§ Input for this task:
************
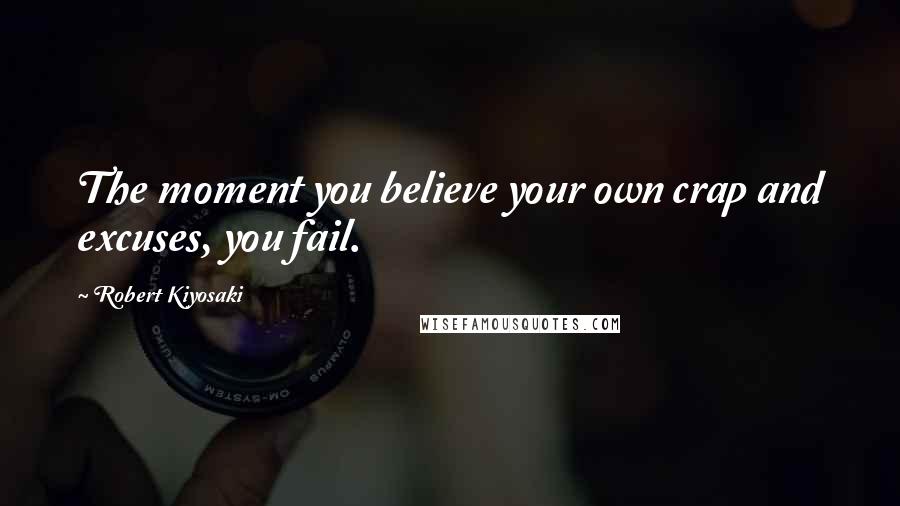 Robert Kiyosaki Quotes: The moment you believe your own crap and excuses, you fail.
************
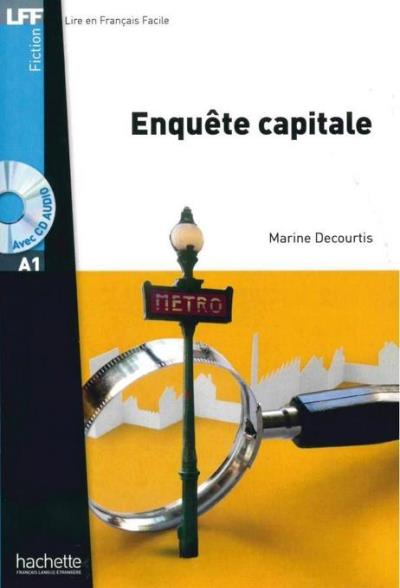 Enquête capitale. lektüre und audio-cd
************
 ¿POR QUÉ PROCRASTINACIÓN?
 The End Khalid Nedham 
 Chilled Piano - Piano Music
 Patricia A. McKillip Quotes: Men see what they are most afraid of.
************
§ What to do:
In the data above, start at the line that has "Chilled Piano - Piano Music", stop after the line that has "Patricia A. McKillip", and print every line in between exactly as it stands.

§ Result of this task:
 Chilled Piano - Piano Music
 Patricia A. McKillip Quotes: Men see what they are most afraid of.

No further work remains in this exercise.